25. Condenado

2.3K 264 284
                                    

Al día siguiente, su padre lo llevó en coche al instituto. Le había preguntado por la mañana si estaba seguro de querer ir y Dave asintió.

—¿Qué hago si me insultan?

Delante de la fachada crema y roja del instituto, Dave se había cruzado de brazos, sin querer bajarse del auto, diez minutos antes del primer timbre.

—Van a llamarme maricón y gordo, y...

—¿Y es verdad? No. Entonces diles que te insulten delante de mí, porque será la última vez que lo hagan.

Dave se lo quedó mirando, esperanzado, y sus pulmones se expandieron un poco más.

—¿Vas a darles una paliza?

—Si hay que llegar a ese punto para que estés bien, sí.

Dave tragó saliva.

—No sabes cuánto te he esperado.

Su padre lo analizó desde el cabello castaño que le caía sobre la frente, pasando por su rostro cuadrado, hasta las delgadas piernas envueltas en el chándal.

El chico había sonado desilusionado. Con la mirada perdida en la carretera, iluminada por el amanecer blancuzco, entre farolas y edificios descoloridos, Dave suspiró.

—Esperé que volvieras —dijo desganado—. Te esperé cuando llegó el primer novio de mamá... y el segundo. Y el tercero, y el cuarto, hasta el último. Quería que aparecieses de repente y les dieses una paliza a todos. Que les disparases con la metralleta. Pero tardaste cinco años.

Su padre se echó hacia atrás. El orgullo retenía las palabras como a rehenes en su lengua.

—Lo siento.

Le había costado.

Pero Dave sacudió la cabeza; agarró su mochila negra y abrió la puerta del coche.

—Ya da igual.

Era demasiado tarde: ya tenía el corazón desgarrado, el cuerpo herido y la mente corrupta.

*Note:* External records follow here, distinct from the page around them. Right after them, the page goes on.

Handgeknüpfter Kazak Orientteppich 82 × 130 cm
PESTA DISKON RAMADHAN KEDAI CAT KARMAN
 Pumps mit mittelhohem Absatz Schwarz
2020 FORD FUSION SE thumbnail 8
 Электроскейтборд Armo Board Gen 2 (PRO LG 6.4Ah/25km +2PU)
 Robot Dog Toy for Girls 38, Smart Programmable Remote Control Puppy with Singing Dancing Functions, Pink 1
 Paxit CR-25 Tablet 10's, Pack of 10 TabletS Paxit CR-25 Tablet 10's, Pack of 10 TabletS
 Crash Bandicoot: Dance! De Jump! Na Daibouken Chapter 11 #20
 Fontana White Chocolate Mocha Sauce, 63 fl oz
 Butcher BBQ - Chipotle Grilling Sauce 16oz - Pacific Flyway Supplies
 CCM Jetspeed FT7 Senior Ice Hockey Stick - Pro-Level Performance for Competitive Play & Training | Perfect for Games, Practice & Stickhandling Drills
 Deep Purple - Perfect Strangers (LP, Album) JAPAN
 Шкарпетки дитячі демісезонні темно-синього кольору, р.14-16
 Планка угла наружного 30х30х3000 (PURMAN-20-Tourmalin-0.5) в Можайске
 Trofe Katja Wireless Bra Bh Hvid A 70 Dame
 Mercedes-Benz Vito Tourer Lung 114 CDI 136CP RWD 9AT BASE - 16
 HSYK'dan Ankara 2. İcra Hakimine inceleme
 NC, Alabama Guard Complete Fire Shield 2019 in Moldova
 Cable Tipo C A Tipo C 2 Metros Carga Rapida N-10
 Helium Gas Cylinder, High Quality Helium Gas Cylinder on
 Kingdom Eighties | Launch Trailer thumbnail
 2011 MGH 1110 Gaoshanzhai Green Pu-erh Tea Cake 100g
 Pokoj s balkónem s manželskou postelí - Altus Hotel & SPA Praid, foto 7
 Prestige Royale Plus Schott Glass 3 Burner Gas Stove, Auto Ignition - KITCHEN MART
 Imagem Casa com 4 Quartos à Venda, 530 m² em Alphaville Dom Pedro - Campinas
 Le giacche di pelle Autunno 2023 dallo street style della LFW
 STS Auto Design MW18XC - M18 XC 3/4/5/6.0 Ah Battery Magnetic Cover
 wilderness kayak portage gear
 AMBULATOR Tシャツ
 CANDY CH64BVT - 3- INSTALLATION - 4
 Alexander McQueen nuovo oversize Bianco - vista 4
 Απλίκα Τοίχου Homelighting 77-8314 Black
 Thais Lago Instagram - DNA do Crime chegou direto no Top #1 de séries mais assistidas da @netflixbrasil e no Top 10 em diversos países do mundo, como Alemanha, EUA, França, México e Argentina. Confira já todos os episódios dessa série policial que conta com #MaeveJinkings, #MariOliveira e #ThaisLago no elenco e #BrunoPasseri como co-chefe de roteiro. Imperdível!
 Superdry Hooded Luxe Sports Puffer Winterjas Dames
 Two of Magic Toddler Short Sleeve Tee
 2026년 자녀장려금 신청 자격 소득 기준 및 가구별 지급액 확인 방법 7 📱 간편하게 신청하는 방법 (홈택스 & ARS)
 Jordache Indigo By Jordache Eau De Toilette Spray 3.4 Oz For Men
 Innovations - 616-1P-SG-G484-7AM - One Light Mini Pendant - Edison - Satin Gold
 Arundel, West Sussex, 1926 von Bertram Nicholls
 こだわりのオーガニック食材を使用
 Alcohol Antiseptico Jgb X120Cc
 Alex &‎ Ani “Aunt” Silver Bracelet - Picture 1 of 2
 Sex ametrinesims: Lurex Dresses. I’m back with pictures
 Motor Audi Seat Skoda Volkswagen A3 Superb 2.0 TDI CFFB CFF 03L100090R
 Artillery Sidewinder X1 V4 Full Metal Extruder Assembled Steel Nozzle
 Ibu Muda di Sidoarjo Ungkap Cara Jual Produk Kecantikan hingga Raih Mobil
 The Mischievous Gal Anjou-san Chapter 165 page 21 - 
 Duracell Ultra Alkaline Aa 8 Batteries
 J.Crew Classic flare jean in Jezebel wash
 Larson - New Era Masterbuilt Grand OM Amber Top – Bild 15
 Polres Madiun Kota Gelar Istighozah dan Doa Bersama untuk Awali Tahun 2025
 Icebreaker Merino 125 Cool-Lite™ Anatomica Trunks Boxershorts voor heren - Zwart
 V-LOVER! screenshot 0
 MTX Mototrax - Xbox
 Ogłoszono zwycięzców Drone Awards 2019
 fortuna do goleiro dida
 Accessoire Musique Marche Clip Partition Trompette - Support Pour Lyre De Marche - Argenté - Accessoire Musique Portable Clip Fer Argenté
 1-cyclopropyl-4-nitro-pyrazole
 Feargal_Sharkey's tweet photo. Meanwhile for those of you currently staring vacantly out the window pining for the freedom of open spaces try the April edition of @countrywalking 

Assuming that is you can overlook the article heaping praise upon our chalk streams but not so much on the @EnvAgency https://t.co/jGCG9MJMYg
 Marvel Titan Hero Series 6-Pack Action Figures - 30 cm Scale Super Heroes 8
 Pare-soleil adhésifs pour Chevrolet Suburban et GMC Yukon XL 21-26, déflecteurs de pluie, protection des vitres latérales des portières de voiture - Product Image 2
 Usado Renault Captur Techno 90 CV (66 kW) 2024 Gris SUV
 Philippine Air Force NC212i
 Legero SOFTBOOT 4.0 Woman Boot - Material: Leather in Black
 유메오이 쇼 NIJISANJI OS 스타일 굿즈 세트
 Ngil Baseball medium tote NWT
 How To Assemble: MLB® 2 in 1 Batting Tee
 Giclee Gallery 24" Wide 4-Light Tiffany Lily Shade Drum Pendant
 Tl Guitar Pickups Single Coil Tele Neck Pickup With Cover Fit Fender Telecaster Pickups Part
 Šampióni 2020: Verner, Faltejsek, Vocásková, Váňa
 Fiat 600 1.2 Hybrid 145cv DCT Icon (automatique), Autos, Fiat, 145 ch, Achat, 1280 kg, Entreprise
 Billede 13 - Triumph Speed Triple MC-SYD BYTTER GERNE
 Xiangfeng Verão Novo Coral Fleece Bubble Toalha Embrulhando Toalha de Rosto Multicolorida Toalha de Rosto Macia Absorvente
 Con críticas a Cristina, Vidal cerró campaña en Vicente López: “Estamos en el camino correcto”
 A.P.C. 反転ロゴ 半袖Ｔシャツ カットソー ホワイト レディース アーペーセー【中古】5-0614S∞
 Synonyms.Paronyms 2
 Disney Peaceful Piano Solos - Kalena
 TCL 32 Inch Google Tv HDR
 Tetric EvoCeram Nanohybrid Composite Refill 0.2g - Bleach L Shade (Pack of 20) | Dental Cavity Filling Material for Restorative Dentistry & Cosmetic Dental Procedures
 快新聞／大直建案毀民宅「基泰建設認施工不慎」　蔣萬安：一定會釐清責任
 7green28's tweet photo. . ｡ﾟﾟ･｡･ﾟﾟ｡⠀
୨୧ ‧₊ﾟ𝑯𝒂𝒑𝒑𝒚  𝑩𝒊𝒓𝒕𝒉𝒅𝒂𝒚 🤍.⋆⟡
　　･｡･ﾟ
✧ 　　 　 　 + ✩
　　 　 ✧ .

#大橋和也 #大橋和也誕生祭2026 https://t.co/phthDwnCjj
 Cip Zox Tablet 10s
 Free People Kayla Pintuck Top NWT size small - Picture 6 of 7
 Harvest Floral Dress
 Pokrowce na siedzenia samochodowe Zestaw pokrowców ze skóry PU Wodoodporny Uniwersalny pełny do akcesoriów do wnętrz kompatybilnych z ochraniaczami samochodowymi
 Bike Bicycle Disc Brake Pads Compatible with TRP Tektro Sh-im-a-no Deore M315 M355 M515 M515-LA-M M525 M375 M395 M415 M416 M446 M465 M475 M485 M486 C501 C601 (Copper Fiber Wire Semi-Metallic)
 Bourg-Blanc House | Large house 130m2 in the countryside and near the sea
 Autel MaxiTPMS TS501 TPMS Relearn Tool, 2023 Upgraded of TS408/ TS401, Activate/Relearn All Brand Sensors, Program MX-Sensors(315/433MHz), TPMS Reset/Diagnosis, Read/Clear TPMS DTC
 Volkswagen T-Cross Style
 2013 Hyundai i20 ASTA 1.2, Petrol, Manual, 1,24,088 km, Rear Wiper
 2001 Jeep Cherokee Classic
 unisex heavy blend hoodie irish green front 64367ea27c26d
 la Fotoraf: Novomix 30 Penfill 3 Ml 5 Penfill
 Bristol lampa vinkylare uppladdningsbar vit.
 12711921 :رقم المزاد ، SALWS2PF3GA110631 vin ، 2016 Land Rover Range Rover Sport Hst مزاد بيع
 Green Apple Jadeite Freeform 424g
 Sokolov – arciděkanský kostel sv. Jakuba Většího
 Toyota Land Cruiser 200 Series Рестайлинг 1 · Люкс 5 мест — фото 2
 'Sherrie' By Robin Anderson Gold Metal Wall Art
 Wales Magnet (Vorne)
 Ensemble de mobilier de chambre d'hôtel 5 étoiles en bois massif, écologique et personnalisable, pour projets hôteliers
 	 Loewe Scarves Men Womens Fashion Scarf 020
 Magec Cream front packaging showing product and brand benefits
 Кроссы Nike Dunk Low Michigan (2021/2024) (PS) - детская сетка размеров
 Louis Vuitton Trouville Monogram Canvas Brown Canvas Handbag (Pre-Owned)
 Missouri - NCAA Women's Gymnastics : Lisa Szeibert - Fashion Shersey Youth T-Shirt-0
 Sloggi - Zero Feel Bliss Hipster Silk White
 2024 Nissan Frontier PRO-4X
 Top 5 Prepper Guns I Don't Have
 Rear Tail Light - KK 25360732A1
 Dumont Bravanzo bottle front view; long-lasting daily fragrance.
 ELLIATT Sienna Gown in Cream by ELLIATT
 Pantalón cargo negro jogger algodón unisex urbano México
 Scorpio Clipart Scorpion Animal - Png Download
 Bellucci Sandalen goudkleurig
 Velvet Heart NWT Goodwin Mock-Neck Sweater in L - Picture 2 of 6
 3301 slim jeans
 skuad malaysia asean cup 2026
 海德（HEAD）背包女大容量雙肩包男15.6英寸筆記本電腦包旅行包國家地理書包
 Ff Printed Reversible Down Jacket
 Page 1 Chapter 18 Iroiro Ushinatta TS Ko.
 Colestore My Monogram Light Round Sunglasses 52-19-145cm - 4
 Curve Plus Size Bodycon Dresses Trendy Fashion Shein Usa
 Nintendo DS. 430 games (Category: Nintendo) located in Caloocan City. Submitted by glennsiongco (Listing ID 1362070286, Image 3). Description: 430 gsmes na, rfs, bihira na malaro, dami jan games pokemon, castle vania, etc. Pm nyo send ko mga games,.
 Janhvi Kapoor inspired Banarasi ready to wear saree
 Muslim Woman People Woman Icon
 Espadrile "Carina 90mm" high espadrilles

Subió el pasillo de azulejos verdes en dirección a su aula. Por primera vez, se presentaría en clase sin cubrirse la cabeza, con su labio partido y la muñeca entumecida. En su rostro continuaban la sombra amarillenta en el pómulo y el corte en la otra mejilla.

—¿Dave?

Dave se giró.

Entre todos los alumnos del pasillo, reconoció a la dueña de la voz, porque sabía quién era.

Y de pronto la tenía delante de sí.

Jill Ros se abrazó a su cuello, pegada a su pecho de puntillas, y él no pudo evitar rodearle la cintura, aunque se le resbaló la mochila del hombro.

Necesitaba un abrazo con urgencia. Así que bajó la guardia.

—Te he echado de menos —la oyó decir; Dave hizo una mueca.

Había visto a algunas chicas de su clase mirarlos como si fueran bichos raros, porque el abrazo estaba durando demasiado, pero a él le dio igual.

—Y yo a ti —confesó, sin soltarle la cintura.

—Me alegra que hayas vuelto.

Habían estado escribiéndose los últimos días, pero Dave se limitaba a contestar con monosílabos y a preguntarle cómo estaba ella. No quería cargarla con sus miedos, sus heridas y sus preocupaciones. Con él.

—Si necesitas cualquier cosa...

—No, Jill.

Se incorporó para mirarla, aunque tomándole una mano. Aquella muchacha se merecía a alguien mejor, alguien con quien avanzar. Él era un inútil.